The film begins with two unemployed parents obtaining employment in an upcoming theater production. Shortly after returning home, the landlady shows up and demands the rent, but can not collect. She gives them one week, but the theater production does not manifest and the parents again search for work. While they are out, the landlady finds a tenant and puts the children out on the street. They end up dancing for an organ grinder and are saved by a theater manager who puts them on his vaudeville bill. The parents come into a fortune and are reunited by their children at the theater. The film was met with positive reviews and some criticism for its acting and scenario, but the industry had reasons to encourage the success of Edwin Thanhouser's company. A print of the film exists, but it was the subject of nitrate deterioration.
The plot of the film was best convened through a published synopsis in trade which introduced the names of the cast and the backstory. Eugenie Freeman and Paul Temple, marry and have two children, a boy and a girl. The parents have been unemployed, but the film starts with the parents finding work in an upcoming production at a theater. As they return home, they are interrupted by the landlady, Mrs. O'Brien, who demands the rent. The landlady does not car about the family's misfortune and is upset when she cannot collect. She provides one week for the Temple family to pay up.

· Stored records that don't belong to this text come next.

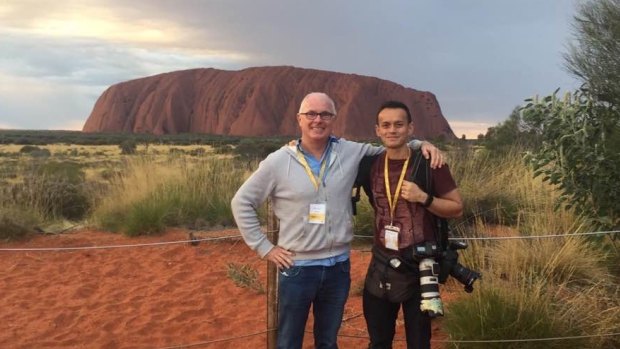 Michael Gordon on assignment with photographer Alex Ellinghausen in Uluru in 2017.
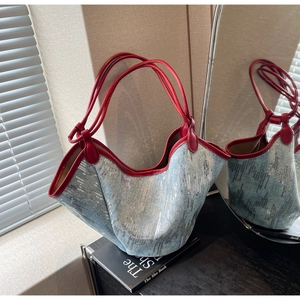 Nahaufnahme der Jeans-Tasche mit silbernen Pailletten und roten Leder-Henkeln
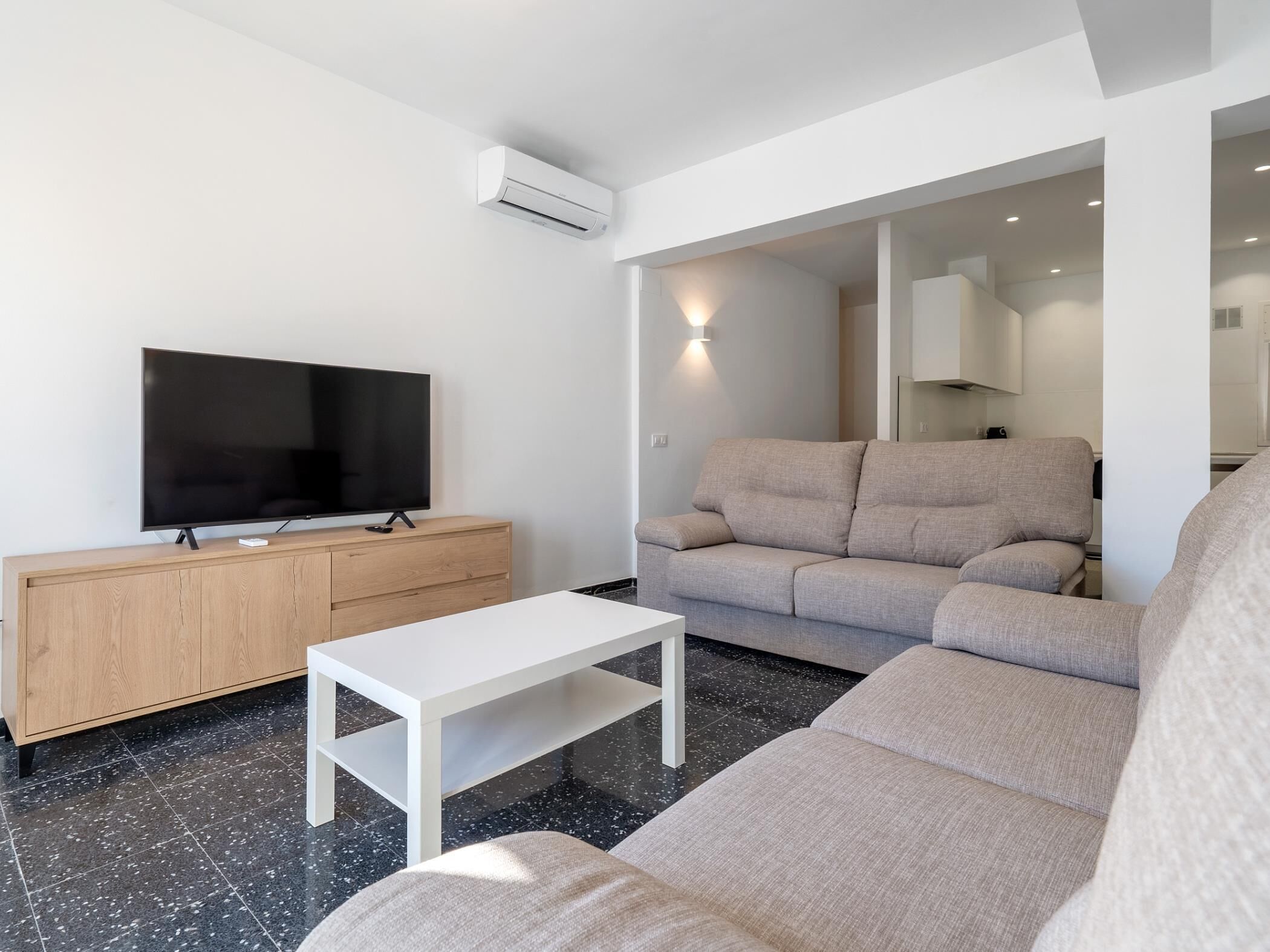 Una sala de estar moderna con un televisor de pantalla plana, un mueble de madera, una mesa de centro blanca y un sofá color beige.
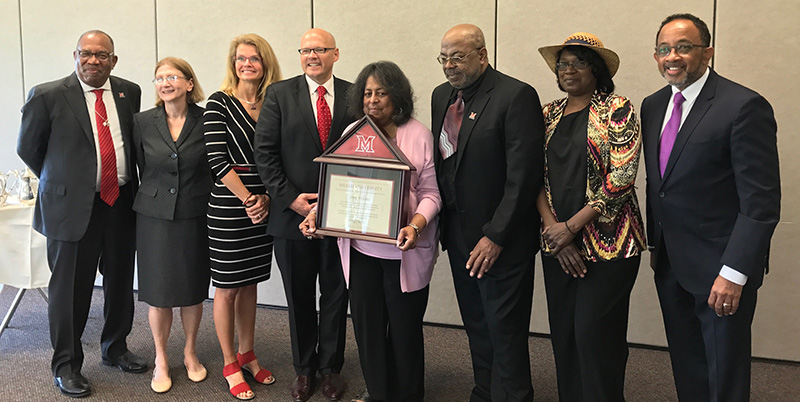 The Williams family receives their father's diploma.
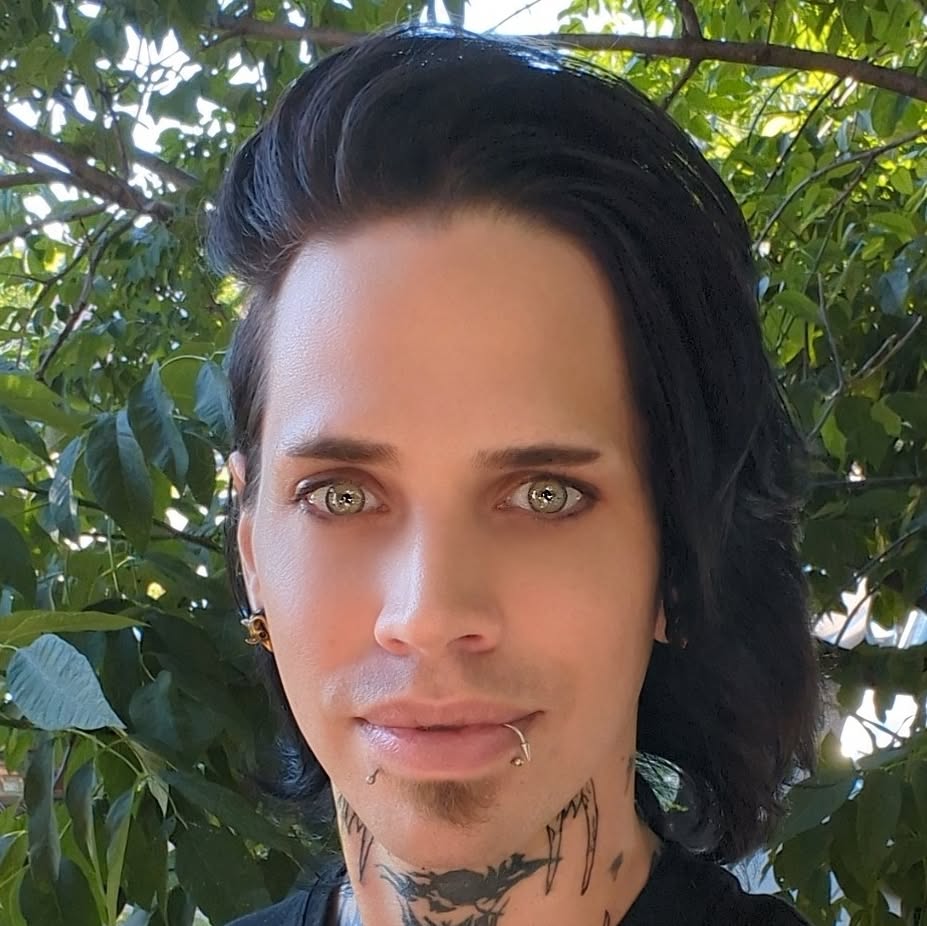 Person with black hair, piercing, and tattoos, standing outdoors with green foliage in background.
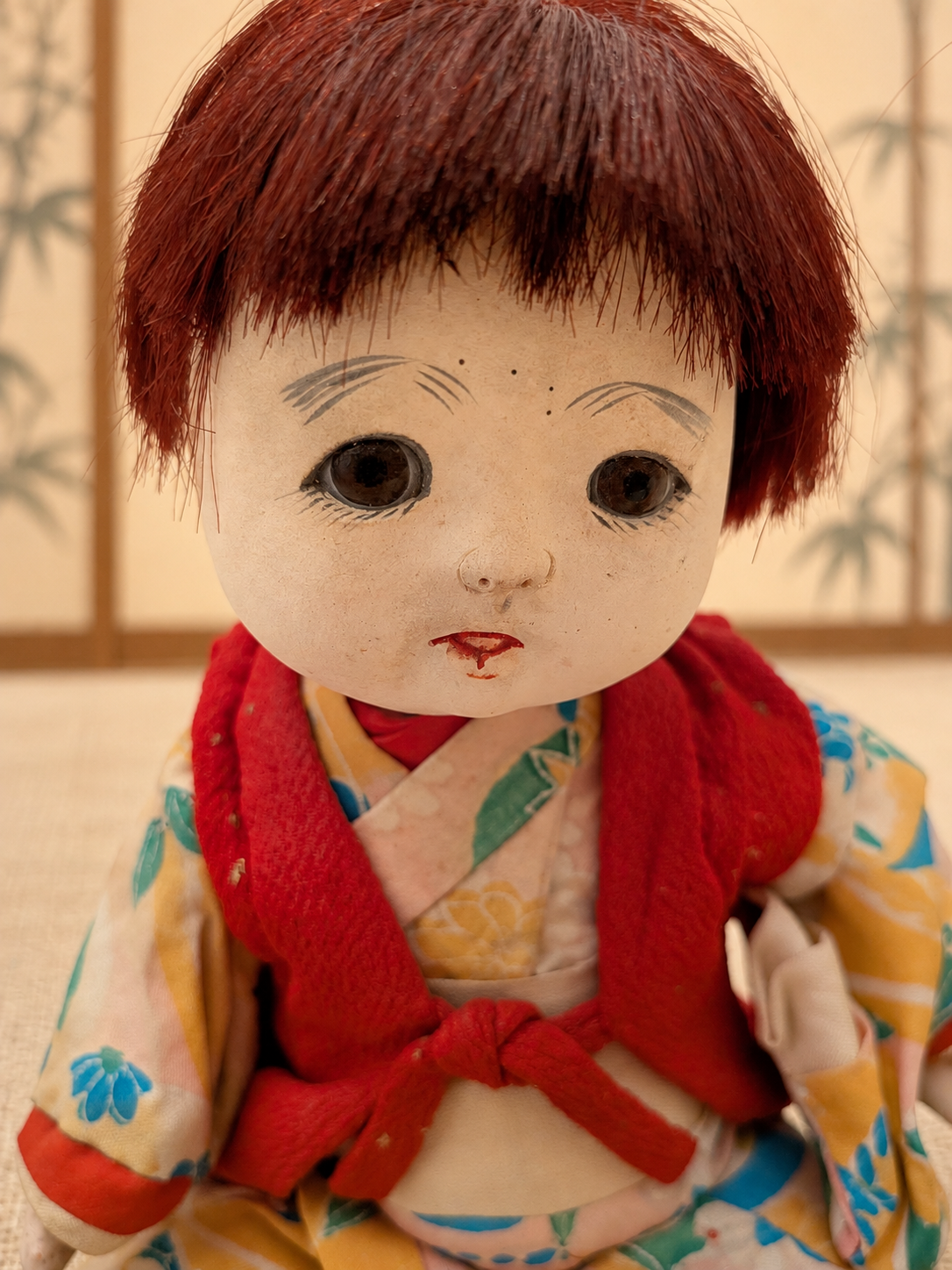 Deux poupées japonaises aux visages clairs — collection de Mireille — Portrait de la poupée en kimono : frange courte, yeux de verre selon Mireille et gilet rouge — vue 4.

The production is postponed and the parents are out looking for work when a prospective tenant appears. Mrs. O'Brien shows him the room and he is interested, but does not know what to do with the children. Mrs. O'Brien puts the children out onto the street where they dance to the music played by an organ grinder. The organ grinder earns more money from their dancing and he entices the children to return to his hovel and teaches them to dance. The organ grinder instructs them to dance for money. The children are rescued by a theater manager and finds them a place in the theater program.